Continuing its expansion through Westman, Sunrise Credit Union is closing in on a merger with Grandview Credit Union.
Membership at Grandview Credit Union will vote on the potential merger during a special meeting in the community on Feb. 28.
Grandview Credit Union interim general manager Dale Scott said on Tuesday that "outrageous" costs related to regulatory and technological changes are pushing the little guy out of the picture, and that a merger such as this was "just a matter of time."
It’s better they merge now, when they’re still doing well as an organization, than merge later when they’re more likely to be backed into a corner, he reasoned, noting that by merging right now Grandview Credit Union will be able to retain its current staffing levels.
The board of directors started looking into a merger a few years ago and ramped up the effort about six months ago, narrowing in on Sunrise Credit Union as an ideal partner, he explained.
For one, Sunrise Credit Union is operating on a much larger scale, so it is able to offer lower prices on various things such as technology through bulk purchasing.

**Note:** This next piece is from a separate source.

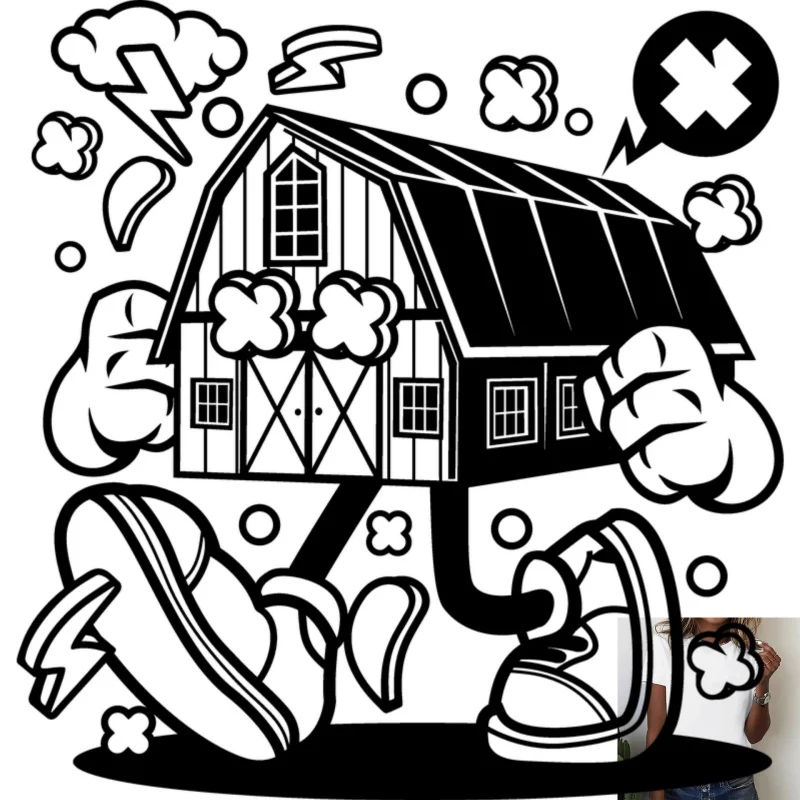 Fun Cartoon House Sneakers Heat Transfer White Ink Iron - on Patch, Trendy Casual Style, Suitable for T - shirts/Canvas Bags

The option for members to take pictures of cheques and have them deposited remotely, for example, costs Grandview Credit Union about $11 per cheque and costs Sunrise Credit Union members about 30 cents per cheque.

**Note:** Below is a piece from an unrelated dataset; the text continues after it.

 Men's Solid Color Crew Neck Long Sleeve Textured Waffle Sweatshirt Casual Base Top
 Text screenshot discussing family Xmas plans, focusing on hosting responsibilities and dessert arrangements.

With Grandview Credit Union almost entirely dependent on the agricultural sector, it’s not diversified enough to weather economic storms, Scott said, noting that Sunrise Credit Union’s diversified base will help ease the bank through such situations.
Sunrise Credit Union also opens up other opportunities for its membership, Scott described, noting that its strong wealth management division is unlike anything the Grandview Credit Union is currently able to offer.
Sunrise Credit Union was the product of mergers, with five of its legacy Westman credit unions coming together in 2008, including those in Virden, Turtle Mountain, Tiger Hills and Cypress River.
Sunrise Credit Union president and CEO Tim Klassen came from Cypress River, taking over from outgoing president and CEO Harry Bowler, who exited the role at the start of 2017 in order to ease into retirement.
At the time, both Sunrise Credit Union leaders affirmed that more consolidations would be coming, and that the creation of larger credit unions is necessary to remain competitive in the business climate of today.
"We warmly welcome Grandview Credit Union members and staff to the Sunrise family," Klassen said in a release. "Building a larger and stronger credit union together will result in increased opportunities for staff and should enable increased products for members."
Pending the result of the Feb. 28 meeting in Grandview, the community would become the 15th served by Sunrise Credit Union, adding about $72 million in assets to the organization, bringing its total amalgamated assets close to $1 billion. Sunrise Credit Union would serve about 24,000 members, of whom about 10 per cent would be from the Grandview Credit Union.
Grandview Credit Union was established in 1942 and is a single-branch organization.